- **Work required**
Could you transcribe exactly the lines below, from the line with "Grosh Digital here" through the line with "In this example, we", and nothing else, leaving out the pictures?

- **Data supplied**
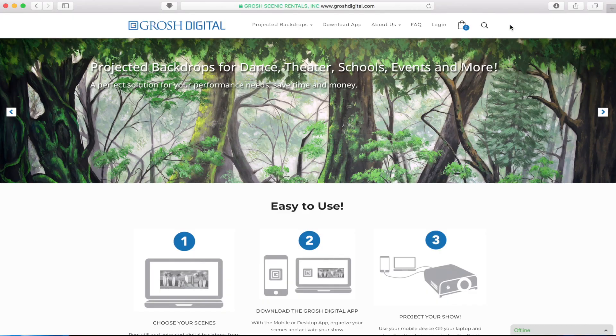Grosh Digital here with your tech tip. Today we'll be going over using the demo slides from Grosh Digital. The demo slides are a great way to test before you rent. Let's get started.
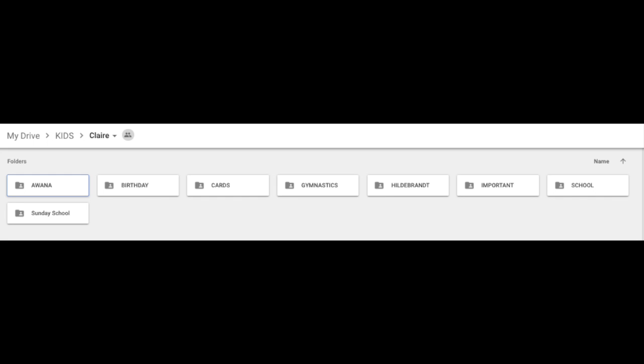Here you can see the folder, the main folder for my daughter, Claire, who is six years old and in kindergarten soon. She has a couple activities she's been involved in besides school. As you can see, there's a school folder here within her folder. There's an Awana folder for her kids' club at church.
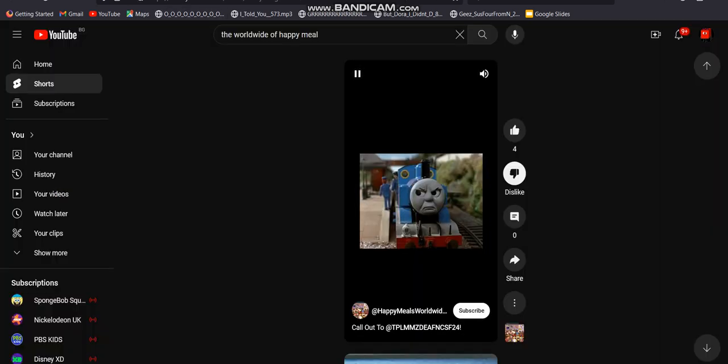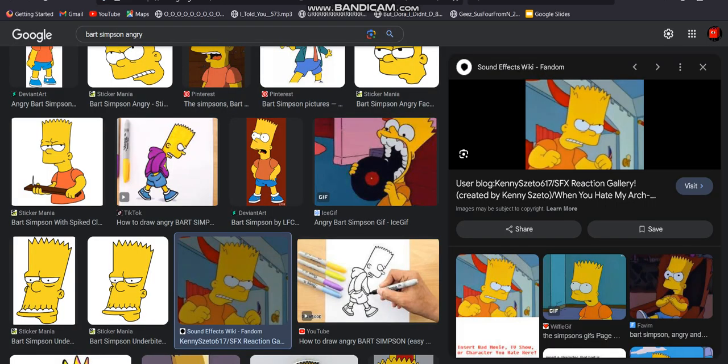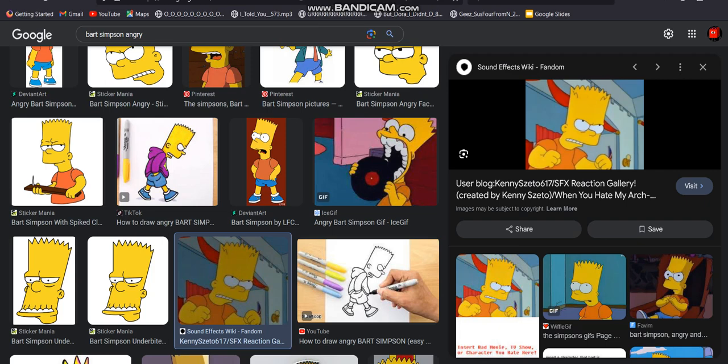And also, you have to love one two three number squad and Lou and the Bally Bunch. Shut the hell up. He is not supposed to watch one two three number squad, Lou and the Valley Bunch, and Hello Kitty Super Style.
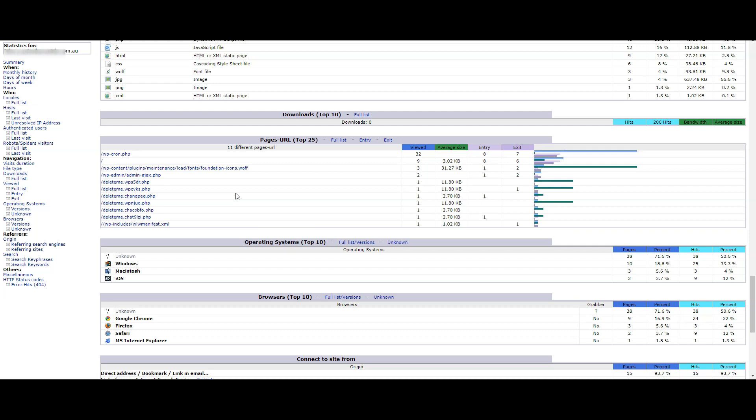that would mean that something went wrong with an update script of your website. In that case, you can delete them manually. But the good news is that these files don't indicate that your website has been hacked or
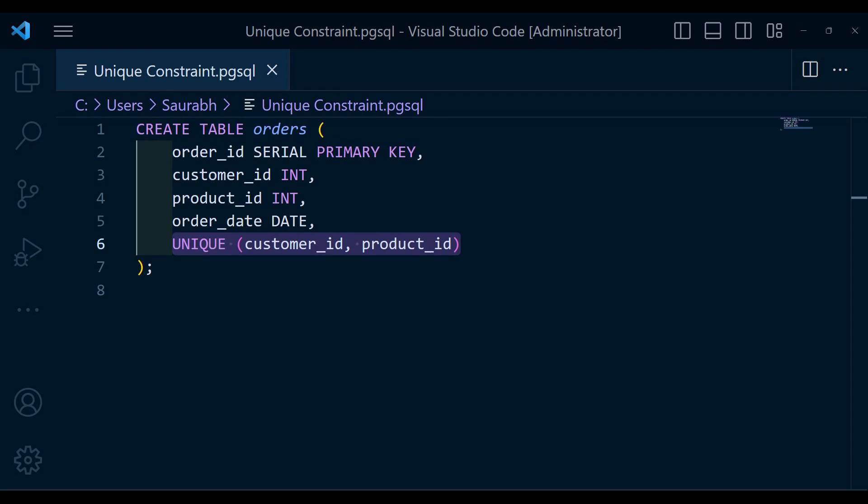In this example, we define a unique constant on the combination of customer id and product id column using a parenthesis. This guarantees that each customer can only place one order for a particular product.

...

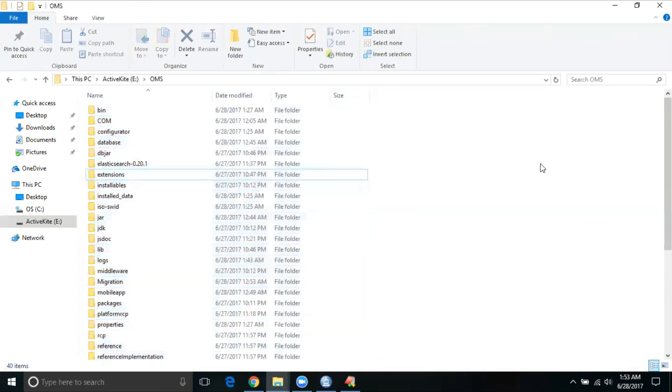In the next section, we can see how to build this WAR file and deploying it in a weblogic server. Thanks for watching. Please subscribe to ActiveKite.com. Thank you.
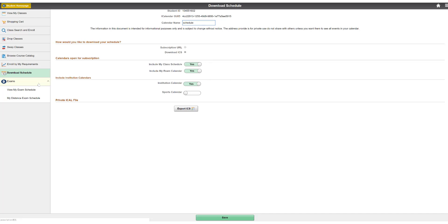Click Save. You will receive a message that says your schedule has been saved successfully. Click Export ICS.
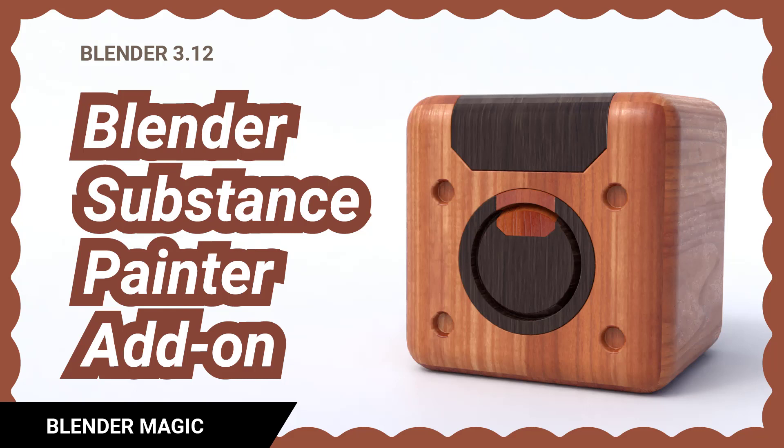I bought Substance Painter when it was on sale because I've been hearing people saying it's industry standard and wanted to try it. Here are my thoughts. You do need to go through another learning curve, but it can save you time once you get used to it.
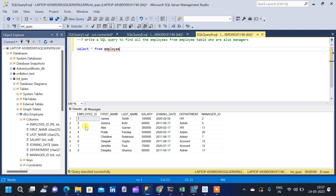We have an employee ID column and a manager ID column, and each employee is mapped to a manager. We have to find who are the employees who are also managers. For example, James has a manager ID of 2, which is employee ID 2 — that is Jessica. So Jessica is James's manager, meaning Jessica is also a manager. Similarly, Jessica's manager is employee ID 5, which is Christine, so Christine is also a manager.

- **Your solution**
Grosh Digital here with your tech tip. Today we'll be going over using the demo slides from Grosh Digital. The demo slides are a great way to test before you rent. Let's get started.
Here you can see the folder, the main folder for my daughter, Claire, who is six years old and in kindergarten soon. She has a couple activities she's been involved in besides school. As you can see, there's a school folder here within her folder. There's an Awana folder for her kids' club at church.
And also, you have to love one two three number squad and Lou and the Bally Bunch. Shut the hell up. He is not supposed to watch one two three number squad, Lou and the Valley Bunch, and Hello Kitty Super Style.
that would mean that something went wrong with an update script of your website. In that case, you can delete them manually. But the good news is that these files don't indicate that your website has been hacked or
In this example, we define a unique constant on the combination of customer id and product id column using a parenthesis. This guarantees that each customer can only place one order for a particular product.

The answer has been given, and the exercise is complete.